October 21, 2010

Search Solutions 2010 (BCS-IRSG)

by Tyler Tate

Today I was fortunate enough to attend the Search Solutions conference in London put on by the Information Retrieval Specialist Group of the British Computer Society. Here are my notes from each talk of the day.

Behshad Behzadi on Web Search Freshness

When searching the web, it’s crucial to strike a balance between new results, and very relevant results.

Sometimes users express a desire for fresh results in their query, such as “latest news chilean miners.” In this case, the user’s desire for recent results is obvious.

Other times, users don’t explicitly ask for freshness in the query, but it can be inferred if that query is spiking in popularity. For instance, when there is a large surge of users searching for “chilean miners,” they are probably looking for news stories, not encyclopaedia entries.

Some queries have seasonal patterns. “American Idol Winner,” for instance, should show results for this year’s winner, not last year’s. But this isn’t universally true — a query like “Turkey recipe” shares the same query trending pattern as “American Idol Winner”, but this year’s turkey recipe is not necessarily better than a recipe from 5 years ago.

Challenges to freshness

  • Different queries have different freshness granularity needs. (Traffic = minutes, news = hours, politics = days)
  • How to you know how old a result is? It’s difficulty to actually reliable pin down the age of the page. The search knows when the page was first indexed, but not necessarily when it was originally created. It’s also difficult to know how fresh the page is based purely on when it was modified (because a small modification to the page may not actually affect the main content of the page).
  • When there are many fresh results, how do you decide which ones are worth showing? Freshness is at odds with relevancy.

Solutions to freshness

  • Show the date in the description synopsis
  • Allow users to restrict results to a particular date range
  • Offer a realtime search option

Vishwa Vinay on Click evidence — Signals and Tasks

One approach to scoring results is to rank them as a probability that the document will be clicked. This score can be constructed by using each click on a result as a “vote” for that document.

An advantage of a probability-based ranking is that the scores are comparable across indexes, making it easy to merge results when doing federated search (50% is always better than 25%).

Downsides of probability ranking are “rank bias” and “lock-in”, where users click on the first result not because it’s the most relevant, but simply because it’s the most prominent. To combat this, the search engine can perform A/B testing of results by ordering them in descending order in one case (1,2,3), ascending order in another case (3,2,1), and comparing the outcome.

Another method to combat “rank bias” is to keep track of how many results are clicked by a given user searching for a given query. If the user clicks on three of the results, for instance, it can be inferred that he is most satisfied with the last document clicked. If the user only clicks a single result, it’s a strong sign of satisfaction with that document.
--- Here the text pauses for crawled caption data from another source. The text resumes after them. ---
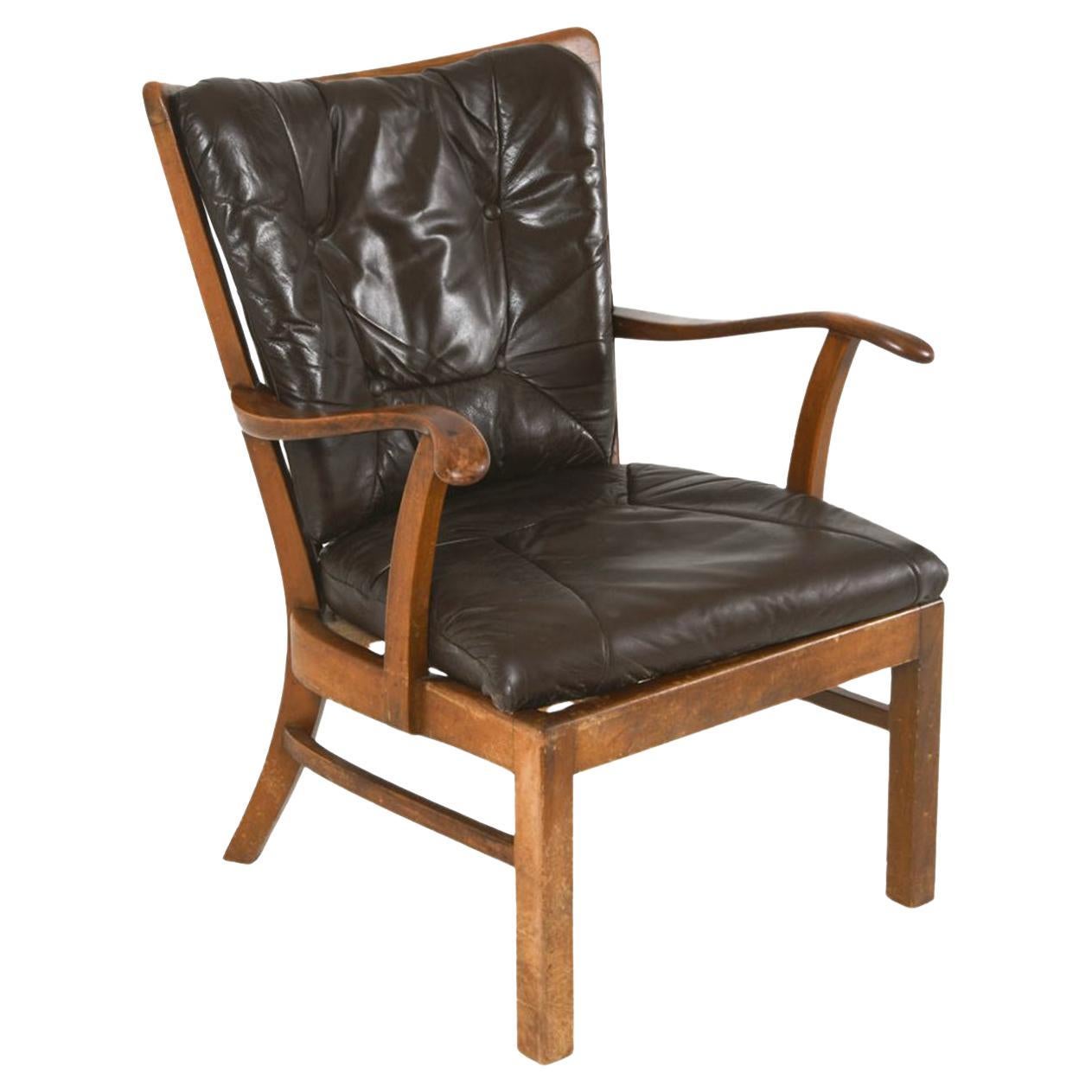 Fauteuil moderne danois en hêtre et cuir par Fritz Hansen en vente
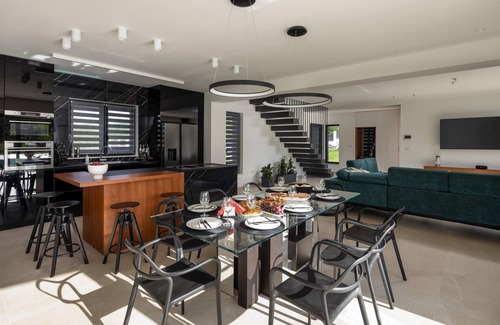 Sinj House | Amazing home in Radosic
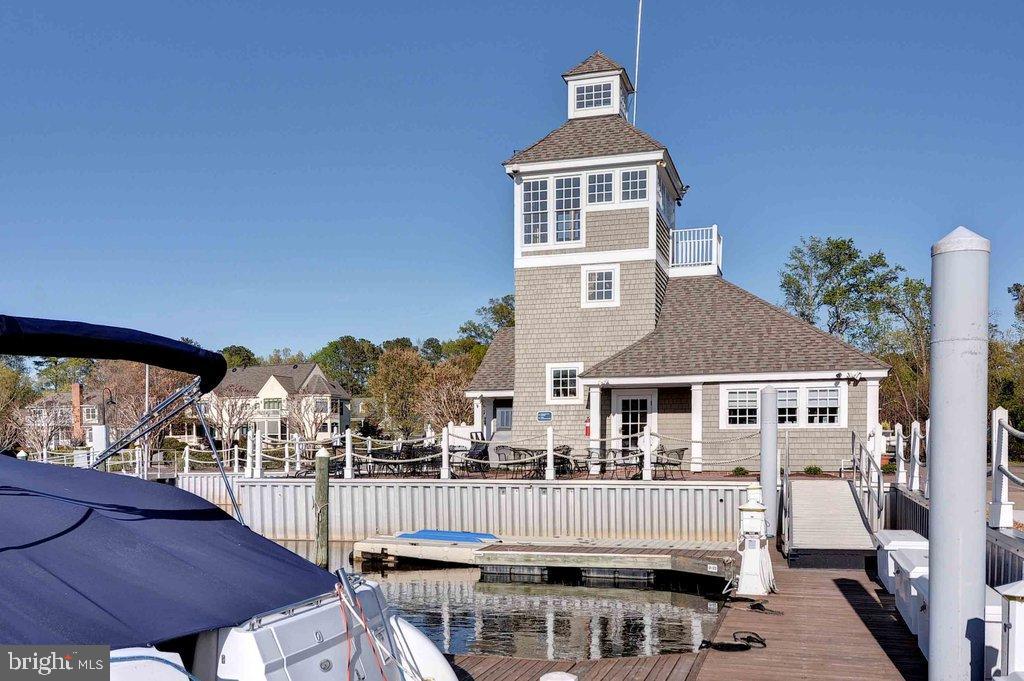 GOVERNOR'S LAND AT TWO RIVERS - Residential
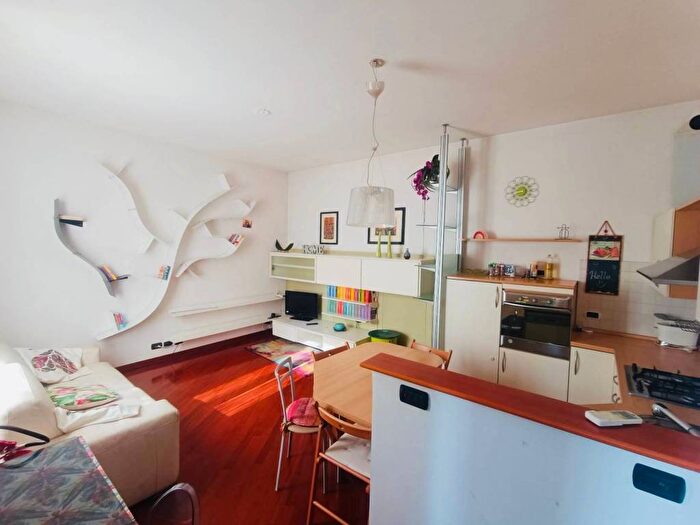 Appartamento bilocale in affitto in Via Melchiorre Gioia, Isola, Milano
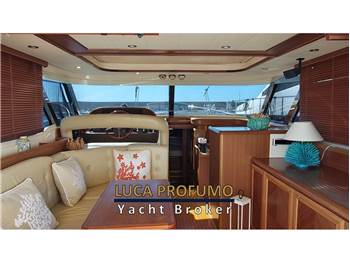 Mochi Craft 51 Dolphin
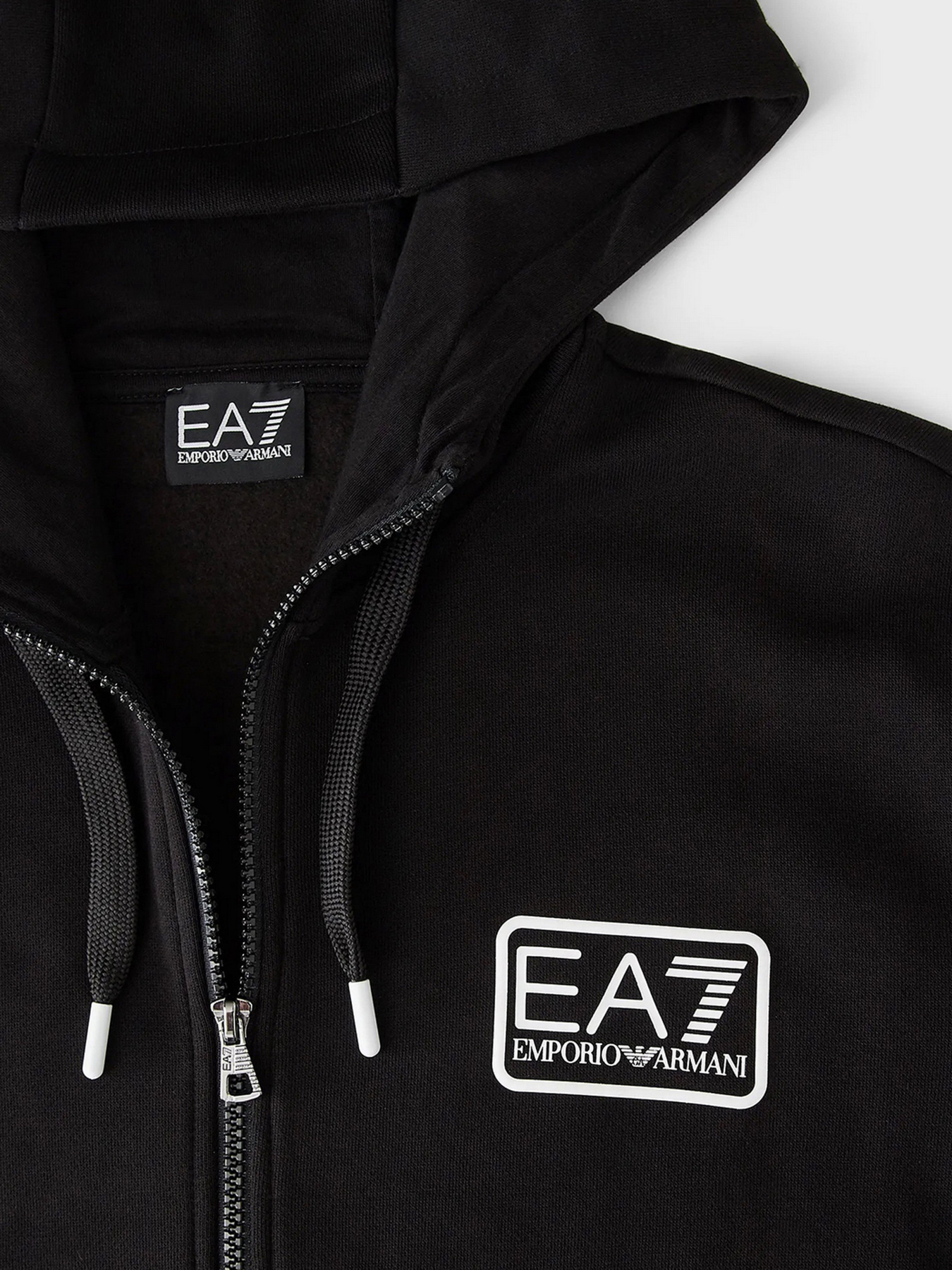 Спортивный костюм EA7 модель 6KPV68-PJ07Z-1200 Спортивный костюм EA7 модель 6KPV68-PJ07Z-1200 Фото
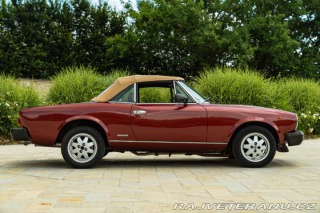 Fiat 124 Pininfarina Spidereuropa 1985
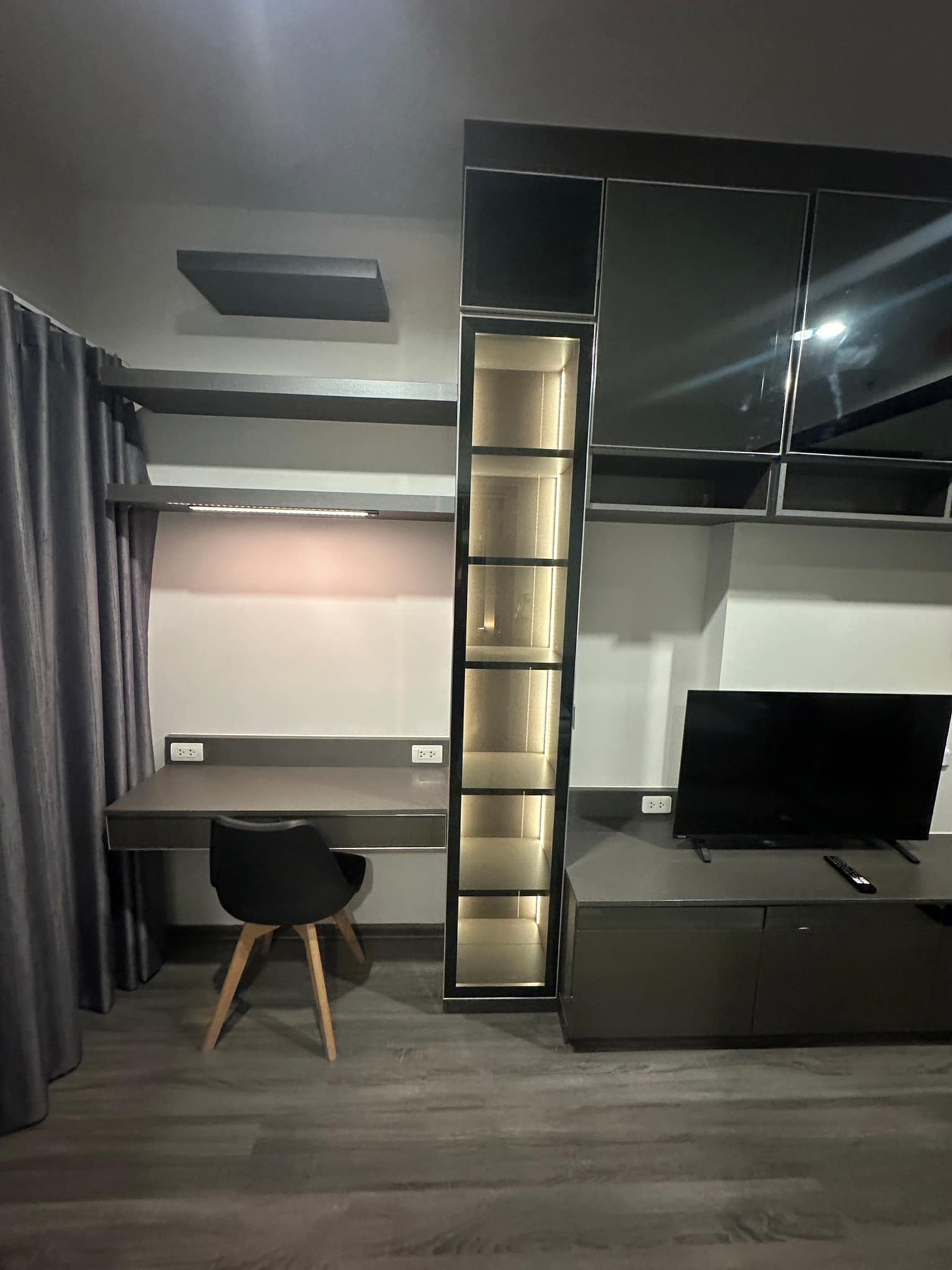 ปล่อยเช่าคอนโด IDEO Chula - Samyan (ไอดีโอ จุฬา - สามย่าน) - ตกแต่งน่าอยู่เฟอร์เครื่องใช้ไฟฟ้าครบครั้น - การเดินทาง: MRT สามย่าน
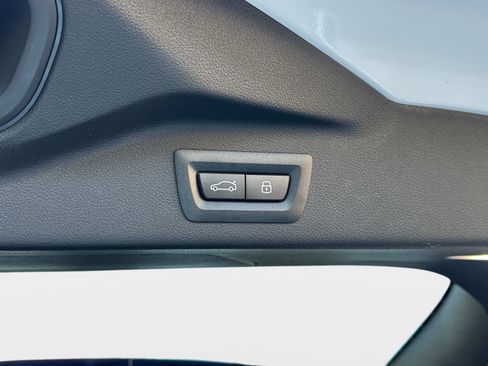 New 2026 BMW X7 M60i image 12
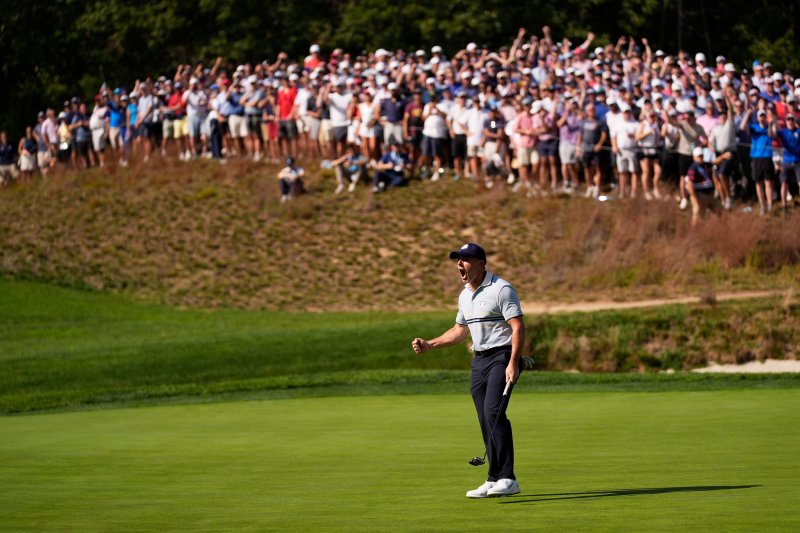 [파밍데일=AP/뉴시스] 유럽팀의 로리 매킬로이(북아일랜드)가 26일(현지 시간) 미국 뉴욕 파밍데일의 베스페이지 블랙 골프 코스에서 열린 2025 라이더컵 첫날 6번 홀에서 버디를 기록한 뒤 환호하고 있다. 미국과 유럽의 남자 골프 대항전 라이더컵 첫날 유럽팀이 5승1무2패(승점 5.5)로 미국팀(승점 2.5)에 승리했다. 2025.09.27.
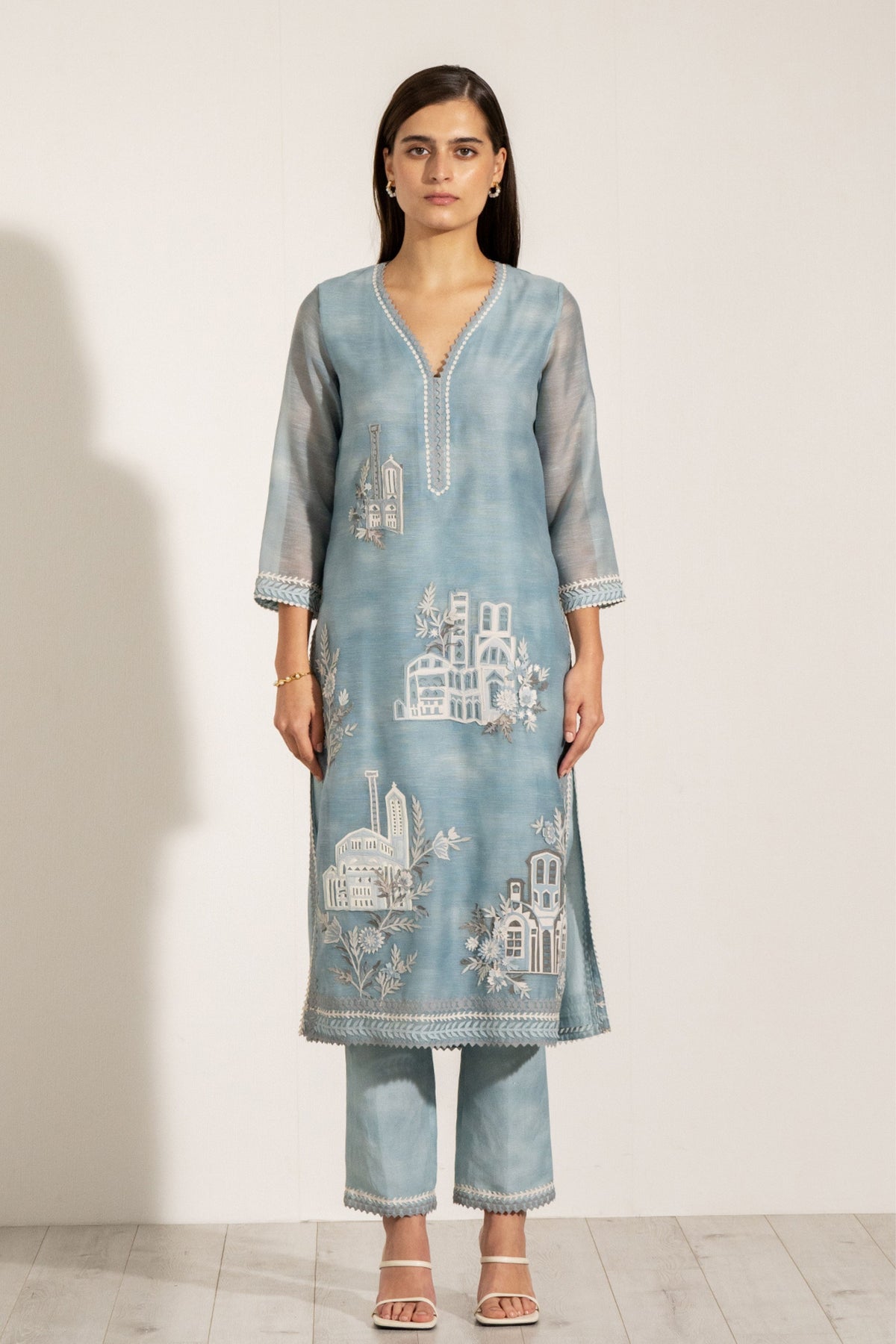 Della Kurta Set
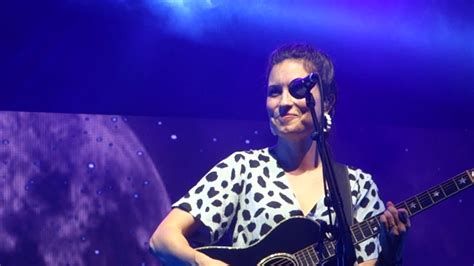 Do you want to talk to missy higgins? Missy Higgins - Steer (03.01.2020) - YouTube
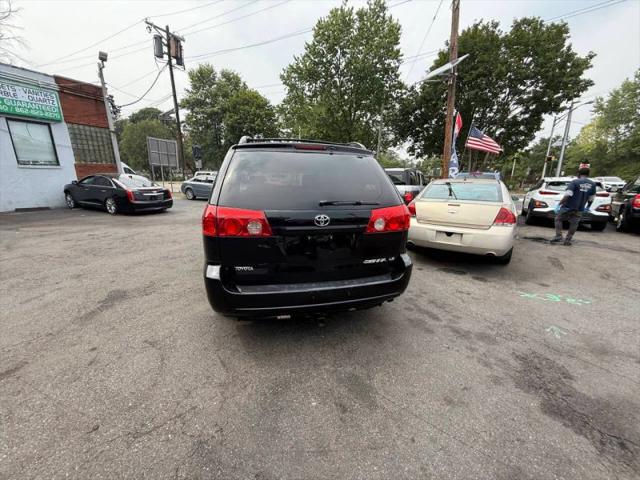 2010 Toyota Sienna LE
Vivian Lin Dufour on How to help searchers become better searchers

Yahoo track trending topics to help users discover timely results, and use several techniques:

  • Query suggestions
  • Result suggestions
  • Related searches

There are three trends affecting enterprise search.

Information Governance

There are several opportunities for search in information governance:

  • Archiving
  • eDisclosure
  • Records & storage management

There two approaches to information governance, both involving search technologies:

  • Store everything and rely on a great search engine to find it (simple, but large volumes of data)
  • Rely on a great search engine and dedeuplication to selectively delete what is not needed and then search what’s left (harder to achieve, but saves on data volume).

Search-based applications

Search is gaining traction over relational databases as a primary driver of domain-specific applications, and have the potential of being hugely disruptive in data management. Success lies in:

  • Building partnerships with application vendors
  • Focusing on developers
  • Focusing on user interfaces

In 2010, search-based applications tend to be be custom-built and expensive. Over the next few years, expect to see search-based apps appearing more as software as a service.

The smallest area of the three, enterprise search for intranets looks destined to be dominated by Google Search Appliance, Sharepoint, and open source search.

Chirag Gandhi on I still haven’t found what I am looking for

The history of enterprise search is one of businesses purchasing very expensive search systems and building very complicated applications, while users have been neglected. Companies often fall into a number of traps.

Gotchas

  • Throw it all in. Too often organisations thoughtlessly toss any and everything into their search index, rather than carefully considering the documents and metadata
  • No attention to the user experience. Companies just want it to look like Google
  • No proper support for multiple languages (especially individual documents that contain multiple languages)
  • Format conversions — search engines don’t digest a wide variety of documents very well
  • Federated search. As organisations begin to centralise their infrastructure, federated search is often required
  • Finding people, not just documents

Dusan Rnic on Enterprise Search and its evolution

  • Efficiency
  • Compliance
  • Centralised finding

Information growth is accelerating at a phenomenal rate (thanks to emails, file systems, CMS, databases, etc. But there is a long tail of searches (a very few extremely popular queries, but a large body of rare queries). eCommerce was the first sector to successfully tackle the long tail problem, and they addressed with techniques such as dynamic classification, spotlighting results, cross-content navigation, visualisation.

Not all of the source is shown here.